Formation and function of membrane contact sites between the ER and the endocytic pathway

Membrane contact sites are sites within cells where the membranes of different organelles come very close together, allowing proteins on different organelles to interact directly with each other and also allowing lipids to transfer directly from one organelle to another. We have identified a novel and previously uncharacterised membrane contact site between the endoplasmic reticulum (ER) and endosomes. We know one function of these contacts, which is the interaction between a growth factor receptor on endosomes and a regulatory protein on the ER. Dysregulation of both the growth factor receptor and the regulatory protein have been implicated in human cancer. A likely additional function of these ER:endosome contacts is exchange of cholesterol, as the endosome is the site of cholesterol accumulation derived from the diet and the ER is the site of new cholesterol synthesis. Low cholesterol from the diet stimulates cholesterol synthesis in the ER and so membrane contact sites between endosomes and the ER could be sites of cholesterol sensing. Defects in cholesterol balance underly many human disorders, and contribute to coronary heart disease. This project will identify factors that regulate the formation of membrane contact sites between the ER and endosomes and will develop tools that will allow us to characterise the role of these contact sites in cholesterol sensing and transport. An understanding of the cellular mechanisms underlying membrane contact site formation and cholesterol sensing is the first step towards understanding how those mechanisms are dysregulated under conditions where cholesterol balance is perturbed and how they might be exploited in the design of new therapies.
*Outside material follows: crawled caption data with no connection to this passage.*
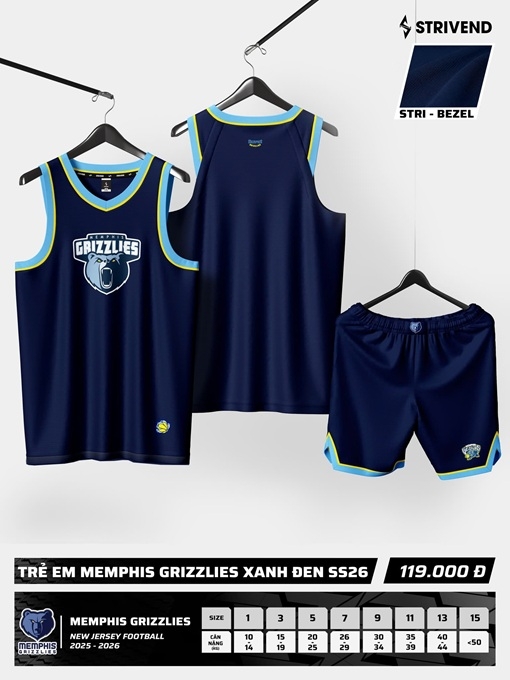 Quần áo bóng rổ trẻ em Strivend MEMPHIS GRIZZLIES SS25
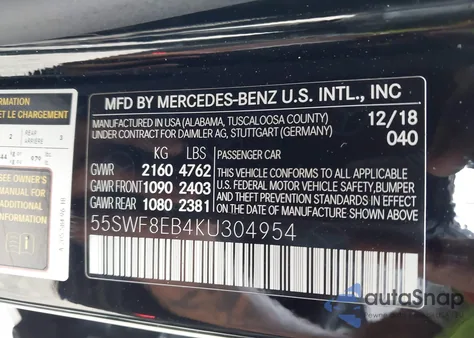 2019 Mercedes-Benz C 300 4Matic from USA, damaged, VIN 55SWF8EB4KU304954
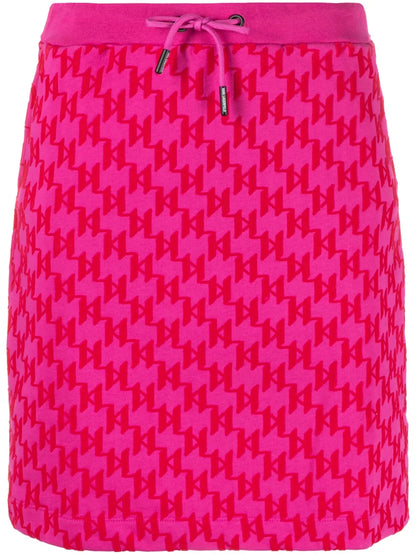 Flocked Logo Miniskirt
We have shown that membrane contact sites form between the ER and multivesicular endosomes/bodies (MVBs) and between the ER and lysosomes. The objective of this study is to analyse the formation and function of those contacts. We will use electron microscopy (EM) to directly visualise membrane contact sites between the ER and the endocytic pathway, but in parallel will explore more rapid biochemical assays and fluorescence-based assays that may reflect membrane contact site formation. Such assays will be validated by EM. We have already shown that the protein tyrosine phosphatase, PTP1B, on the ER and endocytosed EGF receptor interact via direct membrane contacts between the ER and MVBs and we will also focus on an ER-localised protein family, VAP, which has been proposed to play a role in membrane contact site formation between the ER and a number of organelles. By manipulating PTP1B:EGFR interaction and VAP interaction with its binding partners we will determine which of these molecules play a role in contact site formation and will, thereby, develop tools to manipulate their formation. This will then allow the dissection of the function of membrane contact sites between the ER and the endocytic pathway. As such contacts form in unstimulated cells they are likely to have functions in addition to PTP1B:EGFR interaction and here we will focus on one probable function, cholesterol exchange between the ER and endosomes. Non-vesicular transport of cholesterol requires the membranes to come into very close apposition and as the main cellular sources of cholesterol are endosomes/lysosomes (derived from endocytosed LDL) and the ER (derived from new synthesis), membrane contact sites between the ER and the endocytic pathway are clearly candidate sites for sensing and exchange of cholesterol. Perturbations in cholesterol homeostasis occur in many human diseases and understanding how cholesterol transport occurs and is regulated will aid the understanding of how these mechanisms break down in disease and how they can be manipulated for therapy. The studies proposed here, which focus on a small number of known or likely functions for membrane contact sites, will provide a basis for future studies aimed at identifying further components and functions of these sites.